Her chest went hollow as she recognized the toast they always drank while they plotted their paths away from their dismal beginnings. Away from each other.
“We made it out, Liam,” she said, savoring the warmth of the spicy, single-pot still liquor. “We made a damned good future.”
“It could be better.” He tossed back the whole drink. “Have dinner with me tonight. We can catch up on the twenty-three years since we last saw each other.” There was that edge in his voice again.
She should say no, partly just to douse his assumption that she would be available on such short notice. “Seven-thirty,” she said. “We can use the private dining room here at the club.”
“No, Frankie, I’m going to treat you, just like I promised back then. We’re going to the most expensive restaurant in New York City. I’ll pick you up at seven.” He leaned down to brush a kiss across her lips, the gossamer touch igniting the blood in her veins again. “A stór.”
And he was gone.
Frankie sank into the nearest chair, staring out at the sinuous snow-dusted curves of the modern sculpture in her garden. Trying to separate the memory of Liam from the reality of him.
All the photographs she’d collected as his athletic career skyrocketed hadn’t prepared her for the way his youthful arrogance had transformed into a confidence that he wore like a second skin. He moved as though the world would get out of his way.
And he’d reduced her to a hungry young girl again.
She hated that.
 
 
Chapter Two

Liam jogged up the stone steps of the Bellwether Club. At least this time he didn’t have to call his old friend Donal to get him through the well-guarded portal adorned with lush pine wreaths. The door swung open as he reached the portico, revealing a lean man dressed in a dark suit. He had the cold, blank stare of one of the thugs from the old neighborhood in Dublin. “Welcome, Mr. Keller,” the man said, in an entirely American accent. “I’ll take you to Ms.

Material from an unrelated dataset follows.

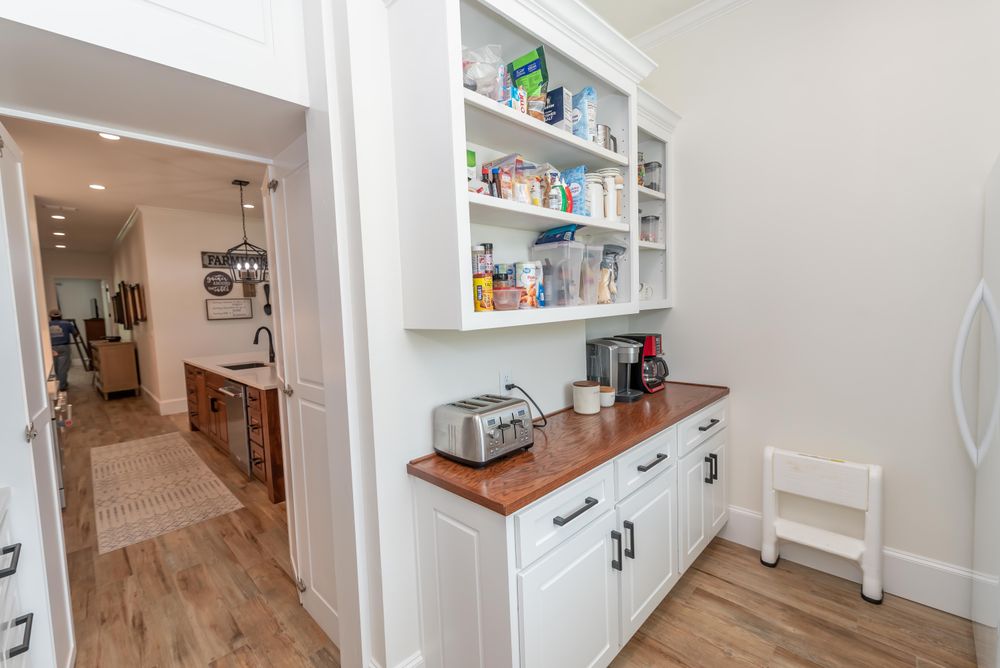 All Photos for Neely Construction & Design LLC in Chandler, TX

Hogan’s office.”
It was intimidating, the Bellwether Club. Not because he hadn’t been in plenty of other grand places with miles of mahogany paneling and fancy Oriental rugs, but because his old pal Frankie had created it, paid for it with her own money. It reminded him all too vividly that even the enormous sum of money his agent had wrung out of the mad Americans was peanuts compared to Frankie’s fortune. Which was going to make his task that much harder.
His cold-eyed escort gestured him through the door into the waiting room outside her office. She was standing by the garland-draped fireplace, staring into the flames. The firelight turned her silver hair to molten gold and sent light and shadows flickering across the sharp, clean lines of her face. Her beauty was achingly familiar, yet the years had changed it in subtle ways. As a girl, she had burned like a wild, blazing torch. Now her intensity was as sharp as a cutting laser.
Yet when she turned, warmth lit her gray eyes. “Liam,” she said. “I can’t quite get used to the sight of you. It’s like seeing a ghost.”
“Then let me convince you that I’m flesh and blood,” he said, moving quickly to place a kiss on her soft lips, the contact brief but firm.
There was a tiny hitch in her voice as she said, “Proof positive you’re human.”
“And you as well. Not just a dream anymore.” He let his eyes skim down the simple black dress she wore that hinted at dangerous curves underneath. She’d always had gorgeous legs and that hadn’t changed. All the boys in their slum neighborhood of Finglas had wanted her, drawn to her fiery brilliance like moths to a flame. But she would have nothing to do with any of them.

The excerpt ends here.